Listen to the MP3 Audio here: Let’s face it – charisma matters by John Antonakis at TEDxLausanne
TRANSCRIPT:
Take a look at this guy. And by show of hands, and everyone please participate, who thinks he wanted to be an economist when he grew up? A lawyer? OK. One or two. A heavy metal bassist? OK. Yeah. We think a face tells a lot. Does it? It’s not Bon Jovi in the picture. I am. A misguided, indiscreet, 17 year old who initially wanted to be an economist.
But now I study psychology. I also study faces, you’ll see why in a minute, and, charisma. I grew up in South Africa which cultivated my interest in charisma. I saw my dad as a community leader running for about a dozen elections and winning most of them. I saw my mum managing her shop and getting the most out of her staff. I saw South Africa transition peacefully from apartheid to democracy mostly because of one great leader. Nelson Mandela.
So, I have often wondered: What is charisma? Can it be measured? Can it be developed? I became a professor in the Faculty of Business and Economics at the University of Lausanne. But at times, I have felt like a particle physicist studying the Higgs field.

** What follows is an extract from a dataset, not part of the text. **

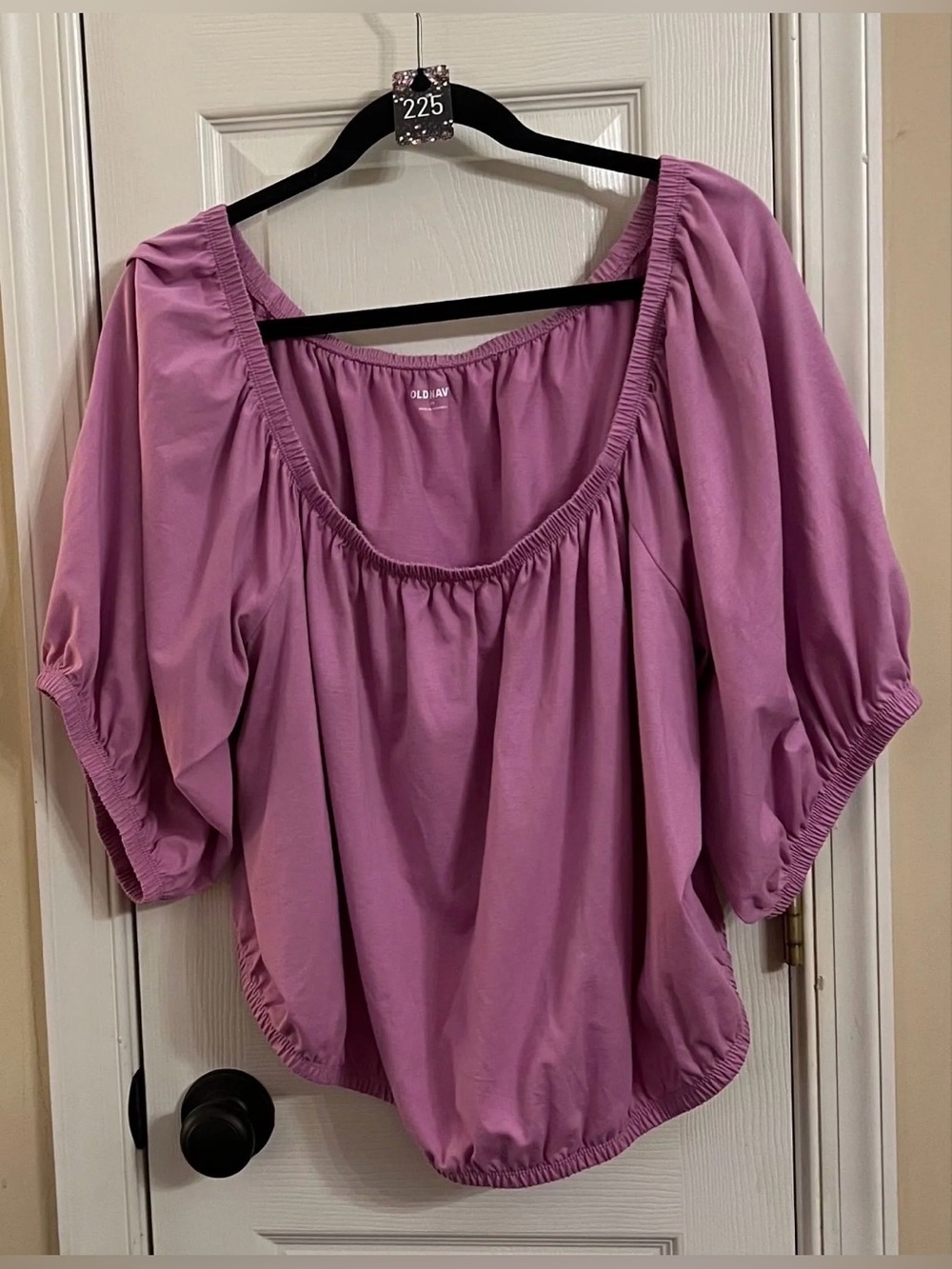 Old Navy Women's Lavender Crop Top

Charisma is hard to define, hard to measure, but its effects are evident to see. Like the Higgs field charisma gives mass, gravitas, not to particles, but to social movements.
Just when I thought I was beginning to make a bit of progress, in 2005 my world was turned upside down.
So you can better understand what they did, take a look at these two guys. By show of hands, who of the two seems more competent? More intelligent? More leader-like? Who thinks the guy on the right? OK. A couple of hands there. The guy on the left? OK. Evident majority and the majority got it right.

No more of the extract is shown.